*Records contained in a dataset*:

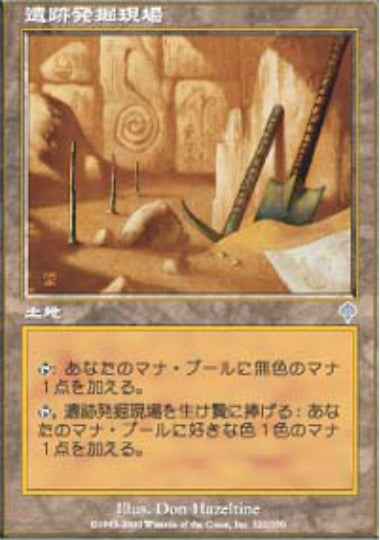 (日)【Foil】遺跡発掘現場 / Archaeological Dig【INV】 No.320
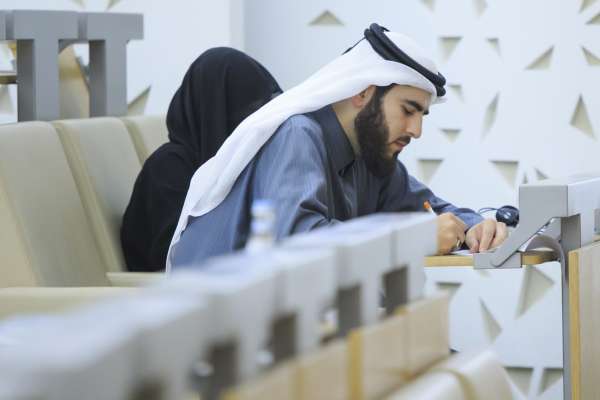 02/2020 Women and Religious Knowledge: Producers or Consumers?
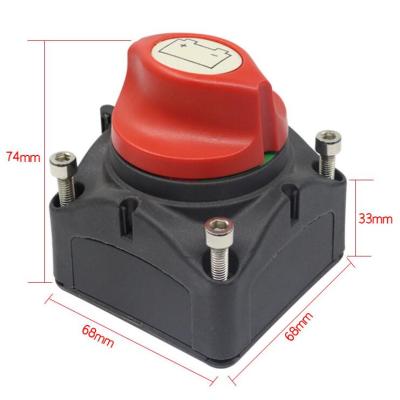 China Boat Hardware Fitting Watersport BIG Wakeboard 1-2-Both-Off QUICK Battery Disconnect Switch, 12-48V Battery Master Cut Out Insulator Cut Out Switch for sale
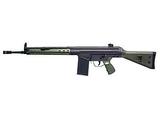 東京マルイ G3A3
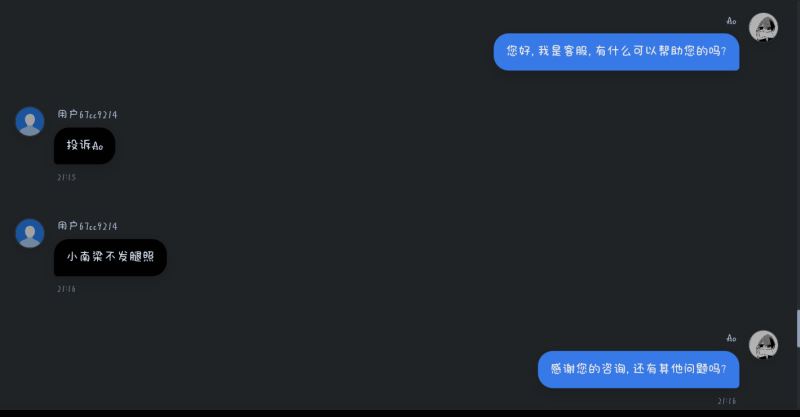 客服容易吗？良心呢？良心被狗吃了🥺-罗布论坛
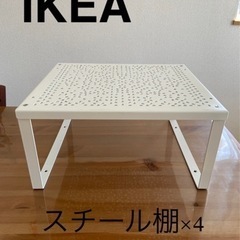 【IKEA】スチールラック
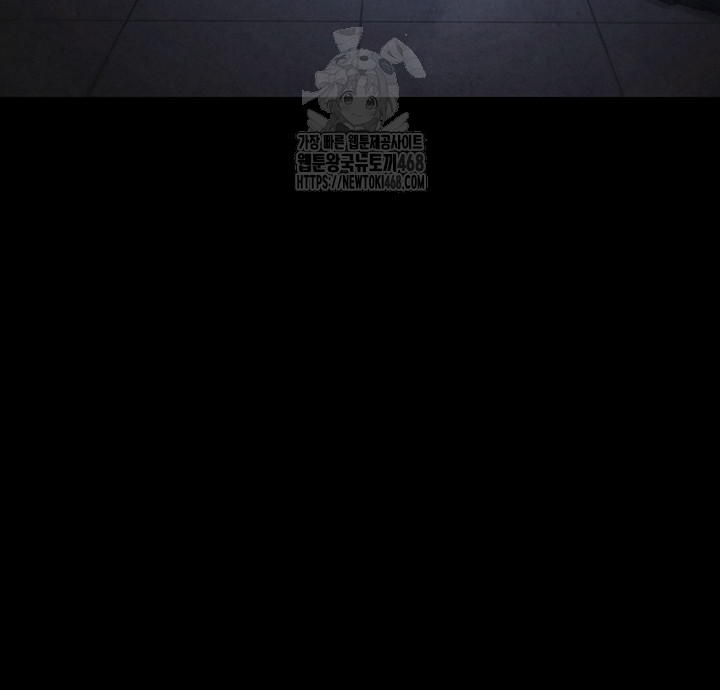 Human Scum Raw Chapter 36 image 39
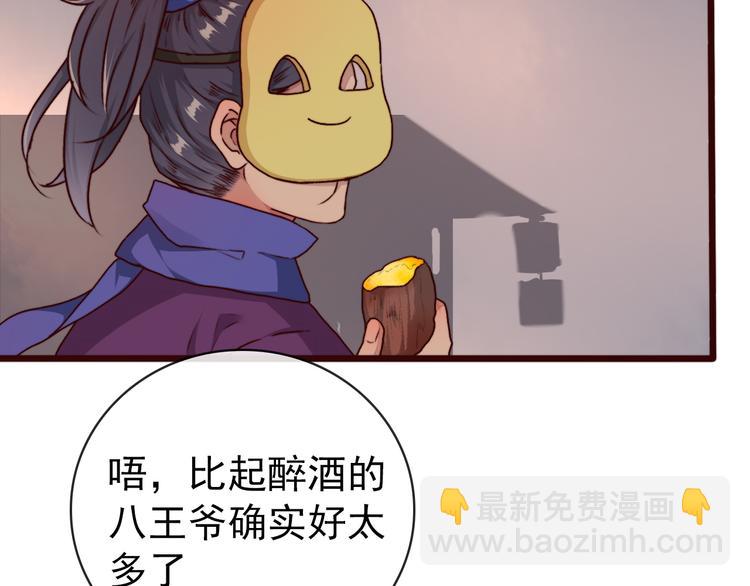 第76话 我不能再失去你！50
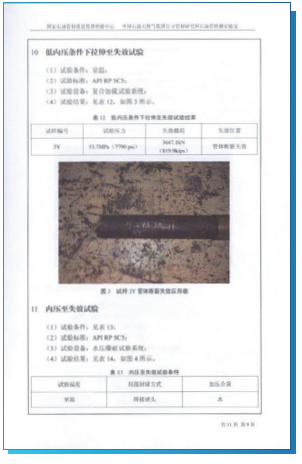 18新利luck·(中国)-官方网站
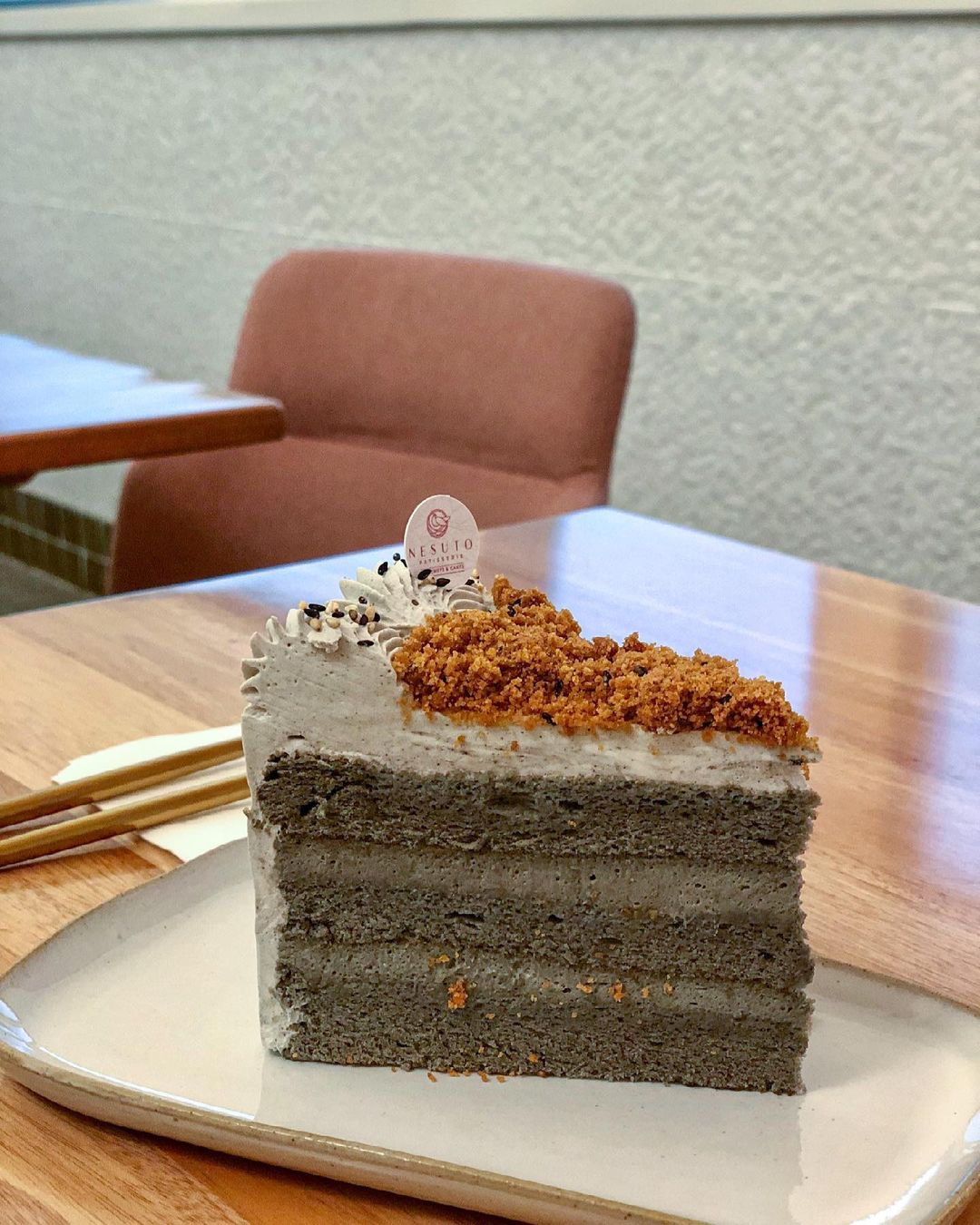 nesuto - goma cake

*Exercise brief*: Exactly as they appear, repeat the lines from the one containing "China Boat Hardware" through the last line of the entries, counting both ends. Pictures stay out.

*The completed task*:
 China Boat Hardware Fitting Watersport BIG Wakeboard 1-2-Both-Off QUICK Battery Disconnect Switch, 12-48V Battery Master Cut Out Insulator Cut Out Switch for sale
 東京マルイ G3A3
 客服容易吗？良心呢？良心被狗吃了🥺-罗布论坛
 【IKEA】スチールラック
 Human Scum Raw Chapter 36 image 39
 第76话 我不能再失去你！50
 18新利luck·(中国)-官方网站
 nesuto - goma cake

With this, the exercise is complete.